HA binds to sialic acids that form α2,3 or α2,6 linkages to galactose on cell surface glycoproteins and glycolipids. Avian influenza viruses preferentially bind α2,3-linked sialic acids, which predominate in the enteric tract of birds where the viruses replicate. Human influenza viruses preferentially bind to α2,6-linked sialic acids, which are the predominant form found in the human upper respiratory tract.

We have developed a quantitative assay to measure the binding of influenza viruses to immobilized sialic acids. Using instrumentation from Biacore and Fortebio, we are able to measure virus binding in real time to determine the specificity for different sugars. Analysis of different human, avian and swine influenza strains, as well as analysis of certain mutations in specific strains, reveals which viruses are able to bind well to human receptors.

By applying structural and biophysical techniques, we have recently shown how mutations to the sialic acid binding site of the avian H5N1 virus have allowed it to acquire a strong binding preference for the human receptor over the avian equivalent.

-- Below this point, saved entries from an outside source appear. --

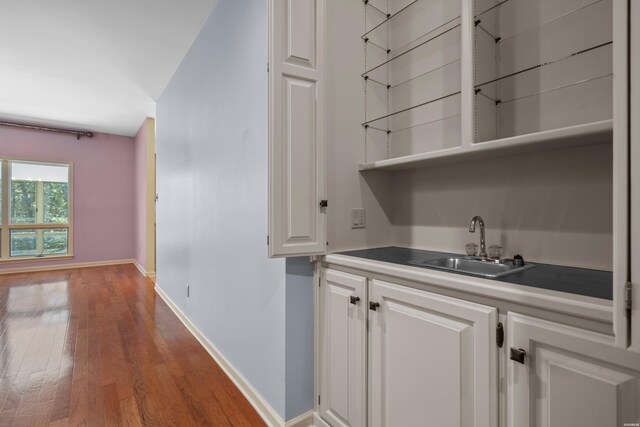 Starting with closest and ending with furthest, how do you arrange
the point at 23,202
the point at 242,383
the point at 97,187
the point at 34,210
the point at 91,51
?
the point at 242,383 < the point at 91,51 < the point at 23,202 < the point at 34,210 < the point at 97,187

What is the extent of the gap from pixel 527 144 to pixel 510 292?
603mm

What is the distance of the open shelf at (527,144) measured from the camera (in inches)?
39.1

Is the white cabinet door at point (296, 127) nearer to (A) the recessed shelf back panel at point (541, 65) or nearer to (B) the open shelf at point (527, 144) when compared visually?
(B) the open shelf at point (527, 144)

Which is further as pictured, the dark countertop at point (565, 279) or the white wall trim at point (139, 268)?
the white wall trim at point (139, 268)

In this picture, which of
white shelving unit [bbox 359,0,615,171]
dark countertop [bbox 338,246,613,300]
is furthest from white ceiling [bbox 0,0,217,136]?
dark countertop [bbox 338,246,613,300]

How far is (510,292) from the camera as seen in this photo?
0.88 metres

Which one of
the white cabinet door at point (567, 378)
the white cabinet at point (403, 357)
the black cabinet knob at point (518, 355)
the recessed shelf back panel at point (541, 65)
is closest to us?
the white cabinet door at point (567, 378)

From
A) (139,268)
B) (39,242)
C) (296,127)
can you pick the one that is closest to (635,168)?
(296,127)

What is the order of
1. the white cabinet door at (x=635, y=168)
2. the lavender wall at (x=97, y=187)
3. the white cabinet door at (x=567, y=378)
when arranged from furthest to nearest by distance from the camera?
the lavender wall at (x=97, y=187) → the white cabinet door at (x=567, y=378) → the white cabinet door at (x=635, y=168)

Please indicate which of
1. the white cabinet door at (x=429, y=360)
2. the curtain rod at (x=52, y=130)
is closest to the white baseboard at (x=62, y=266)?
the curtain rod at (x=52, y=130)

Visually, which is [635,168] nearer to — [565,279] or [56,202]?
[565,279]

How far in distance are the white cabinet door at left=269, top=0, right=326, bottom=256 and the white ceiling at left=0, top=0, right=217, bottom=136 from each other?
59.9 inches

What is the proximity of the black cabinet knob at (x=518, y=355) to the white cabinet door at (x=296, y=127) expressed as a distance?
90cm

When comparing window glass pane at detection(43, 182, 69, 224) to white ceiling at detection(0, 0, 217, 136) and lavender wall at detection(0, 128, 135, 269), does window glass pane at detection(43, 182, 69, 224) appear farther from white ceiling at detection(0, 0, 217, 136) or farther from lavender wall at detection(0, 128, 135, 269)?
white ceiling at detection(0, 0, 217, 136)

The altered binding mode now resembles that previously observed in historically significant pandemic viruses.

Characterisation of the recently emerged H7N9 HA indicates that although it has also acquired higher affinity for the human receptor sialic acid, it has retained high affinity binding of the avian receptor. The retention of avian receptor binding will contribute to its low transmissibility due to sequestration by avian-like receptors in human mucins. Through these studies we are better able to understand the significance of mutations in this rapidly evolving virus.